1. Coachella: Coachella, the music festival, is named for both the valley in California's Chocolate Mountains and the small city near the festival grounds. But the word itself means nothing. It's thought to be a mispronunciation of the Spanish word "conchilla," which means "small white snail shell." Apparently a long, long time ago, Coachella used to be underwater.

2. Stagecoach: Held in the same spot a couple of weeks after Coachella and organized by the same promoters, Stagecoach does for country music what Coachella does for rock, hip-hop and EDM. Rocks Off can only imagine Goldenvoice Entertainment, the company that produces both festivals (part of the AEG umbrella), was trying to conjure country music via the Old West. For a bunch of L.A. types, they did a decent job. This year's headliners include Jason Aldean, Miranda Lambert, Blake Shelton, Brad Paisley and Alabama.

 

3. Bonnaroo: Unless we've missed one, this is probably the coolest name for a major American music festival you're likely to find. One of the guys who started the Tennessee festival, Jonathan Mayer - not the ladykilling white bluesman - told Spin he was living in New Orleans and found an old Dr. John album called Desitively Bonnaroo online. The old Night Tripper, himself, amidst a minor career renaissance with new Dan Auerbach-produced Locked Down, titled that 1974 LP (featuring a key supporting role by the Meters) after an old New Orleans word that means "fun." Another old New Orleans word that means "fun."

4. All Tomorrow's Parties: Or this one, started in 1999 in London and named after the drone-heavy song on the Velvet Underground's 1967 debut album The Velvet Underground & Nico. ATP's organizers add a twist, much copied now, by letting an artist they admire book the festival (called "curating"). Sonic Youth did the honors for ATP's first American edition, held at UCLA in 2002. It relocated to the East Coast in 2008, when My Bloody Valentine did the honors, and glum Brooklyn rockers the National are at the wheel this year.

5. Bumbershoot: The rare instance of a festival name that is both clever and appropriate to its surroundings.

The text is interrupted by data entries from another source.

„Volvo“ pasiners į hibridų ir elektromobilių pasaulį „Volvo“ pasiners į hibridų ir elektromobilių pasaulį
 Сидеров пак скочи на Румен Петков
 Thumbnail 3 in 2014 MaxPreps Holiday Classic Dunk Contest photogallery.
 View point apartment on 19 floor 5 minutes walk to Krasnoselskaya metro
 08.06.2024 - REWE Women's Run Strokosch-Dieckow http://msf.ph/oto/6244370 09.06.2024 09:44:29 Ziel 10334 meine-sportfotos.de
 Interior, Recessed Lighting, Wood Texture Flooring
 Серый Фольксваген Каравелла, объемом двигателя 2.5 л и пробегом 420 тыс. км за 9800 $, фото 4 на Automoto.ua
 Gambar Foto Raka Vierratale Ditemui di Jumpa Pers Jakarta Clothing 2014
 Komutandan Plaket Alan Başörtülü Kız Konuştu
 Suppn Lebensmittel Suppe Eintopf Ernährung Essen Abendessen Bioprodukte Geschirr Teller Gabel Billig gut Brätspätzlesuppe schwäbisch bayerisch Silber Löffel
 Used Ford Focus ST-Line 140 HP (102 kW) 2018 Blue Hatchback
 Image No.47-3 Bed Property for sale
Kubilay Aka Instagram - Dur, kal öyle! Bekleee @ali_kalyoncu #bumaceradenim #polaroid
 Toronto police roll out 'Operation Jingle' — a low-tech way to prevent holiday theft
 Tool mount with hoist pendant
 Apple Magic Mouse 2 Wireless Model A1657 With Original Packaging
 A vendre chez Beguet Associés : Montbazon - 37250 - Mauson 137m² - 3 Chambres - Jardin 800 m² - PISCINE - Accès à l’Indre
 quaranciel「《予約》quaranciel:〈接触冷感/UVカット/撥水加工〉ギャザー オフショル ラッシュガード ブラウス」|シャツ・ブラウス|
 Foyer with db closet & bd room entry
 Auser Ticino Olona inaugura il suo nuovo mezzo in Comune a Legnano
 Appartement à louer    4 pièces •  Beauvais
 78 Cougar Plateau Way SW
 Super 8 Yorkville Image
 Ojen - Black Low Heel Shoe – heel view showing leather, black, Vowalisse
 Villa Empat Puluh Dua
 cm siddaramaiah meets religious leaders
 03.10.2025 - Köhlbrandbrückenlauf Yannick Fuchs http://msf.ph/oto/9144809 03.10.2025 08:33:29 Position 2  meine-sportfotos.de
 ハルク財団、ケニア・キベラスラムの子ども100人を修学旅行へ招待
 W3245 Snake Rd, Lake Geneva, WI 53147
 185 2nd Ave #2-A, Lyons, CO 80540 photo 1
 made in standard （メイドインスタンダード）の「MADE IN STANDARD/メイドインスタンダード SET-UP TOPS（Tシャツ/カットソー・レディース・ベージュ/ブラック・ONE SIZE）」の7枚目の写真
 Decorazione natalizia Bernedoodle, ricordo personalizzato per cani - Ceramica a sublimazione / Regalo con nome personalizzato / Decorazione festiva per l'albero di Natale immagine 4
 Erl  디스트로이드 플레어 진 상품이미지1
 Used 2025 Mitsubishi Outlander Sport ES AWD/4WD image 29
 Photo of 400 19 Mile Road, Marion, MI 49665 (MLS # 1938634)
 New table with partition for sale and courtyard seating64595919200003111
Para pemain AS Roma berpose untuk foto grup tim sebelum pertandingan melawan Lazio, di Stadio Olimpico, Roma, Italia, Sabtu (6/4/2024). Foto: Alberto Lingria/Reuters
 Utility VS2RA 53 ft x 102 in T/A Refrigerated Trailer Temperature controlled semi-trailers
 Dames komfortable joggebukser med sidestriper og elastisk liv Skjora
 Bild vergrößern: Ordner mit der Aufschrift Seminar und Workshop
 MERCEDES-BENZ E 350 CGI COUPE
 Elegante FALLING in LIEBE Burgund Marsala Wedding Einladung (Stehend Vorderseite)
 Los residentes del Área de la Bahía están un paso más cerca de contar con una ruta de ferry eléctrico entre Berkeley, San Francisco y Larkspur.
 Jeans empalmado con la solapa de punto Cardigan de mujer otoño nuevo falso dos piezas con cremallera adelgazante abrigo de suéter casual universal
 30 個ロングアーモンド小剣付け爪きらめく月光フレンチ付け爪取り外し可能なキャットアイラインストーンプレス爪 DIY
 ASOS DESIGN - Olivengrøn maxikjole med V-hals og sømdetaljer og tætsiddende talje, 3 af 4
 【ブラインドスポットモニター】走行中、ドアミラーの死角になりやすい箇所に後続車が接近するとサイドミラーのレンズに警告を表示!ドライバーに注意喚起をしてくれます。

Bumbershoot, which takes place in Seattle over Labor Day Weekend, is also a term for "umbrella" that dates back to the 1890s.

6. Lollapalooza: Its exact etymology is unclear, but "Lollapalooza" also dates back to the 1890s and merely means "something unusual." As far as we know, Perry Ferrell has not been actually been to trademark the word, although he is a partner in the festival he started as Jane's Addiction's 1991 farewell tour and moved into Chicago's Grant Park in 2005. More likely, he was thumbing through a thesaurus when looking for something to call Jane's tour; Merriam-Webster suggests "bee's knees," "cat's meow," "jim-dandy" and "sockdolager." Any one of those might have turned out a wee bit differently.

7. Rocks Off really, really hopes we don't have to tell our readers how the Austin City Limits Music Festival got its name (hint: Raphael Saadiq and Black Joe Lewis & the Honeybears were on last on week), but this year's lineup should be announced in a few more weeks.